I think the proponent argument would be more as follows:
1. The brain seems important to consciousness, yet there is a variety of evidence suggestive that it might not be the cause*.
2.
Separating correlation from causation, as well as
icons from actualities, is difficult. As such it becomes difficult to determine whether the brain is a consciousness producer,
localization of Universal Idealist Mind, or filter/transmitter
given most if not all evidence from neuroscience can be interpreted each way. So we need to go deeper:
3. For the brain, as defined by materialism, to be producer of subjective experience
requires the miracle of emergence. Besides the requirement of a "something from nothing" miracle there are other reasons to doubt a materialist explanation relating to the nature of subjective experience.*
4. Evidence for observer-participancy (
here +
here) suggests consciousness has efficacy outside of your skull, though any certainty about this remains an open question. For example,
Kauffman's poised realm explanation for consciousness may suffice.

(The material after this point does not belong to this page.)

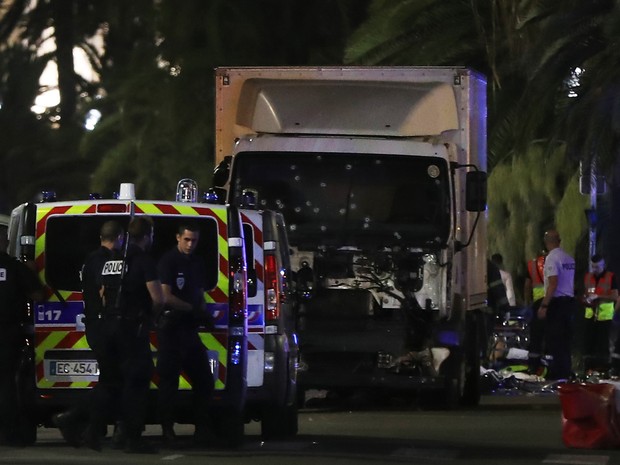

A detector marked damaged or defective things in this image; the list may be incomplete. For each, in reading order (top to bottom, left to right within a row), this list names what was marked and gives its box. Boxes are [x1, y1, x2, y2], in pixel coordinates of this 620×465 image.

5. The way out of inclusion of an ex nihilo type miracle in which nonconscious matter becomes conscious is to appeal to some kind of "proto-consciousness". In refuting Dennet the
anthropologist Graeber suggests panpsychism, and it leads us into territories adherents to materialist evangelism* would likely want to avoid. Why would you only have "proto-consciousness" in a particle? What stops a particle from being fully aware & directing bodies via quantum superposition,
as Grof (AFAICTell) suggests? Yet if you're wandering into these landscapes, you aren't that far from
Hammeroff's notion of a quantum soul.
So it seems to me that even if one takes the materialist position at the outset it doesn't matter much. You can still end up with ideas conducive to immortal conscious entities, at least at this point & time in our history.